‘玉方樽,五花裘,八千錦帆過五洲,金鋪路,燃膏油,不如未名一個宋。’
這是幾十年前在未名城流行的一段話,提到宋家,人們腦海中想到的第一個詞彙就是‘富可敵國’。
‘千金塑俐馬,萬錢換泰康,百萬貫今朝來,千萬兩明朝去,隻留一葉紅蓋頭。’
這是這幾年才流行起來的一句話,隻在一個很小的但卻很高的圈子裏面,最先說出來的人就是老五家的那個老頭子——‘歐福’,隻不過在一些老一輩的人的記憶裏,他還是叫做‘歐陽福義’。
這句話說的就是不一定是史上最好,但絕對是史上最貴的醫生——夏留的。
兩句一早一晚在未名城流行的諺語中,涉及到的兩家人,或者說‘一家人和一個人’,此時就坐在梅蘭餐廳的餐桌上,正在考慮要點些什麽東西來吃。
“嗯嗯嗯,小小你喜歡吃什麽啊?”
“貴的!”
“咦?小小啊,我發現你跟我又多了一個共同點哦!我也是喜歡貴的,嘿嘿嘿嘿……服務員!點餐點餐了!七斤重的龍蝦你們有沒有?”
夏留一臉激動流着口水沖着伺應生喊着。
那伺應生滿頭黑線,搖頭苦笑道:“這個……沒有……”
夏留嘴角一撇,顯得很不高興,又問道:“那二十斤重的帝王蟹你們有沒有?”
“唔……真沒有。”
“那十二頭二斤三兩重的鮑魚你們有沒有?”
“也……也沒有……”
夏留怒道:“這個沒有那個也沒有,你們還開什麽店?半斤一個的北極貝有嗎?八兩八錢重的大閘蟹總該有了吧?天鵝呐?穿山甲呐?靠!什麽都沒有開個什麽店?那你說說你們到底有什麽我再點好了!”

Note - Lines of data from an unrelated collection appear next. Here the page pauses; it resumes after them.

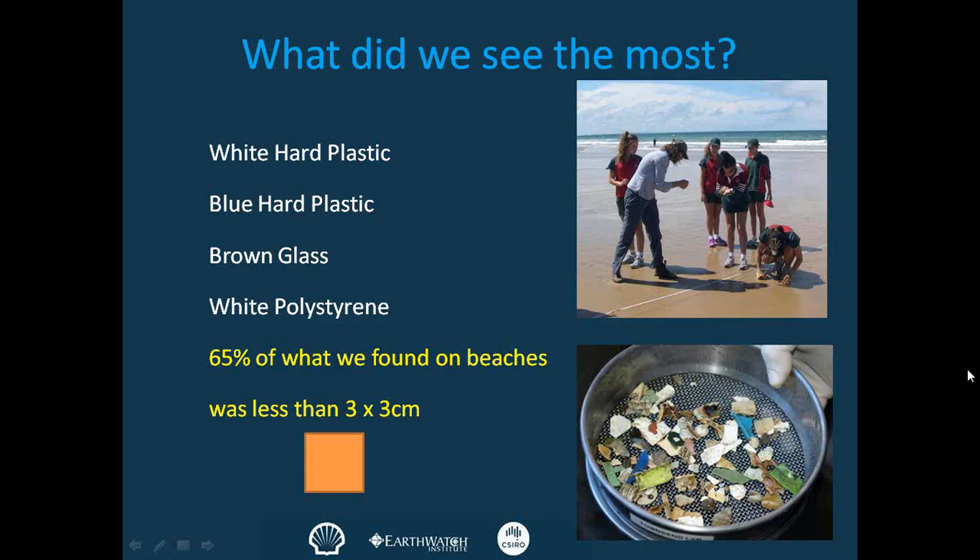I challenge you all: next time you go to the beach, really have a good look and see if you find a lot of small things less than three by three centimetres.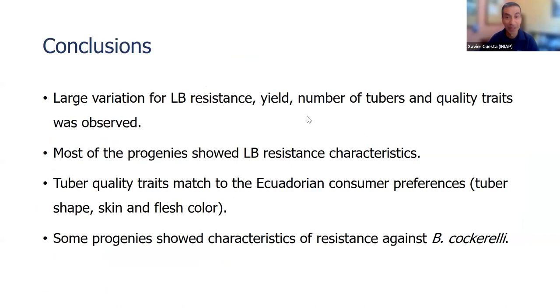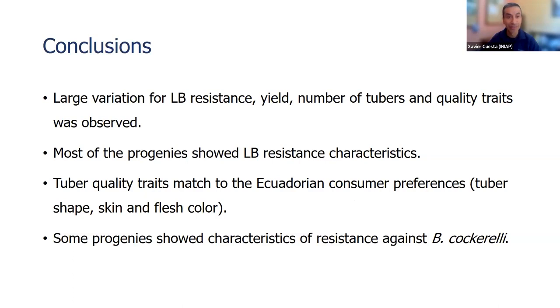Conclusions: We identified a lot of variation in late blight resistance, yield, number of tubers, and quality traits. Most progenies showed late blight resistance and quality traits — shape, skin color, and flesh color — that match what Ecuadorian consumers prefer. Some progenies showed antibiosis resistance to the B. coccarelli insect. Finally, I would like to thank the International Potato Center, the BOLD Project, and colleagues from the Institute: Tiago, Mariela, Lissette, Nancy, Alvaro, Jessica, and Marcelo. Thank you very much.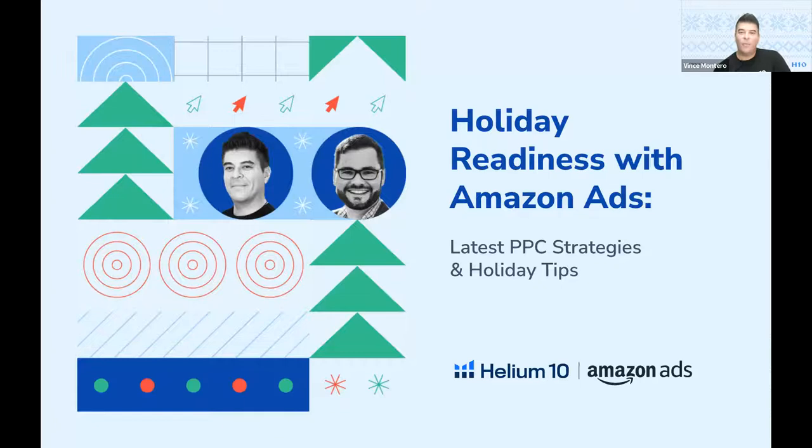Hello, and welcome to our annual Amazon advertising holiday webinar, Holiday Readiness with Amazon Ads. We're going to be sharing the latest tips and strategies with you today. My name is Vince Montero, and I'm the Senior Product Marketing Manager for our PPC management tool here called Atomic.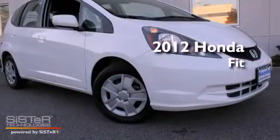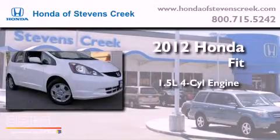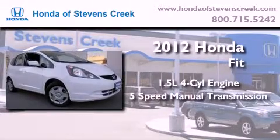This is a brand new 2012 Honda Fit. It features a 1.5 liter 4-cylinder engine and a 5-speed manual transmission.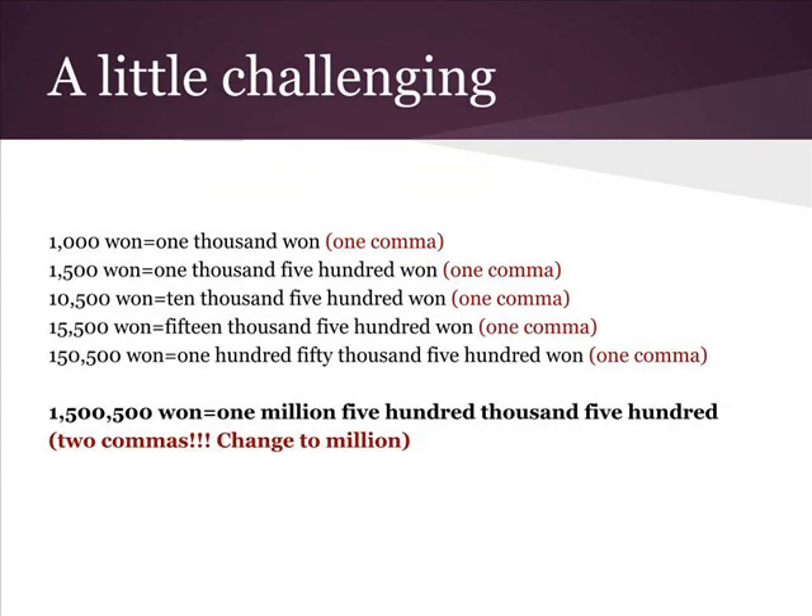Now let's say some numbers we see every day in Korea. Look at the number and count the commas. Start from the left and move right, and say the number to the left of the comma.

伺應生全身瀑布汗,苦着臉說道:“那個……那個……要不我還是去給您問問七斤重的龍蝦吧……”
伺應生走了,伺應生半個小時後又回來了,而且……真的就扛着一個大盤子,裏面是一隻看起來很威武雄壯的大龍蝦。
“對不起先生,沒有七斤重的,六斤七兩可以嗎?”
夏留擺手道:“勉勉強強吧!”
看着夏留和伺應生的對答,那邊的宋千裏哭了,他是真的哭了,眼淚直接滑落在早已經麻木的臉皮上,真的是傷心。他就費解了,明明夏留根本就不出入這種高級飯店,爲什麽會知道梅蘭餐廳的鎮店之寶就是一隻八斤重的龍蝦呐?平日裏被養在一個二十四小時恒溫恒光線的巨大魚缸中,幾乎每一名顧客進來都駐足看上幾眼,但若說是點來吃……
一是誰也不舍得花這冤枉錢,二是……人家龍蝦好不容長得這麽大,看起來還有點小可愛,怎麽就忍心吃了它呐?而且……今天吃了,明天紀檢委的稅務局的就去你們家查賬了好不好?
一隻巨大無比的龍蝦,再加上一瓶六二年的匹茲堡莊園的紅酒……宋千裏結賬的時候手是顫抖的,遞出的卡……馬上又被遞了回來,前台的小姑娘滿頭是汗的擠出笑容的對他說‘先生,再換一張呗’……
一旁的顧客也是議論紛紛,尤其有些是‘上層圈子’裏面的人,認識夏留,也認識宋千裏。
“哎呦,你看呐,你快看呐!那是夏醫生啊!”
“是啊是啊,還真是!誰這麽倒黴啊?被他給宰了一頓?”
“哎,防火防盜防夏留,怎麽到現在還有人不明白這個道理?治完病給錢請走就完了,千萬别請他吃飯呐……”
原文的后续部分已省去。